Other savings come with small-batch cooking. “In a lot of operations of this size, cooks and chefs will prepare large quantities of food that will be served at the start of service and held for several hours, which brings the nutritional content and food quality down,” says Duggan. “We cook as we go, which reduces food waste.” Energy-efficient equipment also helps reduce energy consumption.
Just-in-time ordering also helps reduce waste. “You won’t see as much spoilage,” says Duggan. What’s more, growing food reduces purchasing needs. In addition to the 25-acre farm, KSU grows food in hydroponic units in the dining hall. “We are able to produce lettuce and herbs that can be harvested and served the same day,” says Duggan. About 700 heads of lettuce are harvested every couple of weeks. “We’ve also had a lot of success with basil.”
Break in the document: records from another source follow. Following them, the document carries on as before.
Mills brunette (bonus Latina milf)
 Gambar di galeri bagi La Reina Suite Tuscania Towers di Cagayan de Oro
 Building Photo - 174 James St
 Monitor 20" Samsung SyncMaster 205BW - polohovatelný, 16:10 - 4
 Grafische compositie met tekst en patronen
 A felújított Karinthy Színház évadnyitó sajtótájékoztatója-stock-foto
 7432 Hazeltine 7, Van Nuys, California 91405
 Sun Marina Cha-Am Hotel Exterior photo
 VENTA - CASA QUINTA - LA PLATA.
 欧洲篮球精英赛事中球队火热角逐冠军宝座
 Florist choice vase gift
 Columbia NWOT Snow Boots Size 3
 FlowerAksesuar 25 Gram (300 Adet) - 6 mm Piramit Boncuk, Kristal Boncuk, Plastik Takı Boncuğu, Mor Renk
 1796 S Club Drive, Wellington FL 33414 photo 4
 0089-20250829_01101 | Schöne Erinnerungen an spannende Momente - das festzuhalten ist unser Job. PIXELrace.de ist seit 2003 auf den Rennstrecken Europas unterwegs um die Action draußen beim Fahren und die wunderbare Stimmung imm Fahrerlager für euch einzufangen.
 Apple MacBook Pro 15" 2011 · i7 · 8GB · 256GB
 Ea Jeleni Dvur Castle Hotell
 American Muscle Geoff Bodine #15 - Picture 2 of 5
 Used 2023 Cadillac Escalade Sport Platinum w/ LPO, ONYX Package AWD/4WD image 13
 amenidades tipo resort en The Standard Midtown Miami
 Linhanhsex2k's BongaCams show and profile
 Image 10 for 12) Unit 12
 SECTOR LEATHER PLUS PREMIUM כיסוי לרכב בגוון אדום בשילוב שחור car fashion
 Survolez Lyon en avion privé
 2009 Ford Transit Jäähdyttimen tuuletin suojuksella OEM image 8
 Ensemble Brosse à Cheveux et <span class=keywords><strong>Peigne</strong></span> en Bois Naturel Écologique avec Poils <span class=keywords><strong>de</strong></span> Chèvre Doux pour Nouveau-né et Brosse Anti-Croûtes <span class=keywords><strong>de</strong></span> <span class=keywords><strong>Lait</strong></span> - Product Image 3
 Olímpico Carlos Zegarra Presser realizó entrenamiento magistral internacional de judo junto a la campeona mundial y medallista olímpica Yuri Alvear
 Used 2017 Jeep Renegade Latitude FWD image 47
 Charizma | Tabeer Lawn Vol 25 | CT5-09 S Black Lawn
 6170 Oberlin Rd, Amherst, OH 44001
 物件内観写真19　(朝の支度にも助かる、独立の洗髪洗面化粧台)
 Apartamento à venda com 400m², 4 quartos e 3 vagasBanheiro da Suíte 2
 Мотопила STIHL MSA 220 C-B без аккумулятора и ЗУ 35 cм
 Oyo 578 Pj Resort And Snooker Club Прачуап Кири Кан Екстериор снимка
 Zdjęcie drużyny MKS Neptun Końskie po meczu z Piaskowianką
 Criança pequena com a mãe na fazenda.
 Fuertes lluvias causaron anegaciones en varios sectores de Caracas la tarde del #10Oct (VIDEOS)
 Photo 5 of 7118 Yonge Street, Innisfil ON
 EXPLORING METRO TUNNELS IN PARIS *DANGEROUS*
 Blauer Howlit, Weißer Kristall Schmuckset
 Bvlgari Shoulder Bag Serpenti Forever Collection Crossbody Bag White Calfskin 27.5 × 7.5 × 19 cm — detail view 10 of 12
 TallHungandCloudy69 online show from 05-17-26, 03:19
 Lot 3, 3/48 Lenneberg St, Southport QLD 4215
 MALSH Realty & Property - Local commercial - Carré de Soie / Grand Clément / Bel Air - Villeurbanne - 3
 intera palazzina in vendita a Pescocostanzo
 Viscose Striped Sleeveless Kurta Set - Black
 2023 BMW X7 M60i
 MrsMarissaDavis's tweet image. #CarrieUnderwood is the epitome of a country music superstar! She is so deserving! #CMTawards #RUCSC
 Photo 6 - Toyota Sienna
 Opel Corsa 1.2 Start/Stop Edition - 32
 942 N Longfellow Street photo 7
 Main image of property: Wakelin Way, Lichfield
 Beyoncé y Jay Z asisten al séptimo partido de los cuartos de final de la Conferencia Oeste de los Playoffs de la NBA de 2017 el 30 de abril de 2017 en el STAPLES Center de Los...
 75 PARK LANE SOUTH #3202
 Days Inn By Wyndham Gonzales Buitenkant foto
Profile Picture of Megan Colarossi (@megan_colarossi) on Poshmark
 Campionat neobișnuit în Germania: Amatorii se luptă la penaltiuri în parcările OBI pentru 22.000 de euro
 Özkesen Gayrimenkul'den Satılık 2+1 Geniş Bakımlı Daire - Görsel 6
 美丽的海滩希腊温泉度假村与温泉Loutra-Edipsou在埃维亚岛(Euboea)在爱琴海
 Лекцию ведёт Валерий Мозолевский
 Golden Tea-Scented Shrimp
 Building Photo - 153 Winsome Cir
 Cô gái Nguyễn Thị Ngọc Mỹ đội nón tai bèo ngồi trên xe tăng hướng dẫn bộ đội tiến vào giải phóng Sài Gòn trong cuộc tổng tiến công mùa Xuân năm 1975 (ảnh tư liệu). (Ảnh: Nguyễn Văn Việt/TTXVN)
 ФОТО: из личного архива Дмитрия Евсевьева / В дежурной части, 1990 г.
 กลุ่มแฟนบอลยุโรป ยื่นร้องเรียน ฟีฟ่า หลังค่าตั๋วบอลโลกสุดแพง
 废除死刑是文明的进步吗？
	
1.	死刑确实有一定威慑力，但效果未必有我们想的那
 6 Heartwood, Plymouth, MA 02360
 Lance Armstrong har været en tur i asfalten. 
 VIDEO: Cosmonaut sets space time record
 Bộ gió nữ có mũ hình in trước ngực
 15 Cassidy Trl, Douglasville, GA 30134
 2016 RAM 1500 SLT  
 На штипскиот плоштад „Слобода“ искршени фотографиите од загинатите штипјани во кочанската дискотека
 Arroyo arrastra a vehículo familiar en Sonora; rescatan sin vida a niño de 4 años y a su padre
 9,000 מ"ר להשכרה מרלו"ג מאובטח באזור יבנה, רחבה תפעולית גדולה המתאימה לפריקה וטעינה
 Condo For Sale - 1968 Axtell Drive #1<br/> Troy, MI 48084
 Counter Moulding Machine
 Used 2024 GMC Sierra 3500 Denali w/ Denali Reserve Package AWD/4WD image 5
“Our students learn about growing organic food and how honeybees affect the food supply – one of every three bites of food we take is because of bees,” says Hardigree. Hands-on learning also helps students understand the context of how water affects the food supply.
Future initiatives include expanding the farm program. “Currently there’s over 10,000 square feet of in-house hydroponic space, which enables us to produce and grow tomatoes year-round, which is one of the things we use the most,” says Duggan. The Marietta campus offers expansion opportunities: Duggan anticipates adding “perhaps some new raised beds, new community gar-dens” and other farming options.
In a new partnership program with Georgia Tech, students will test a compost operation that uses black solder flies, the larvae of which eat food scraps and turn them into compost at a much faster rate than if the food was left to compost on its own.
“By feeding food waste to the larvae in this innovative program, we can turn food waste into organic material that can be turned into usable compost,” says Duggan. This is expected to speed up the composting process from its current six weeks to just a few days.
The aim is to continue to achieve more. “It’s a continuum we’re always trying to improve upon,” says Hardigree. “KSU had already done some great things in terms of sustainability, but I think the collaboration between functional and academic studies has allowed us to refine and improve.”
Trying out new technologies, says Hardigree, gives KSU “the chance to become the epicenter for best practices.”
With 1,000 students graduating from the program since 2013, with 251 more enrolled this year, such success can only bring good news for Georgia’s restaurant industry.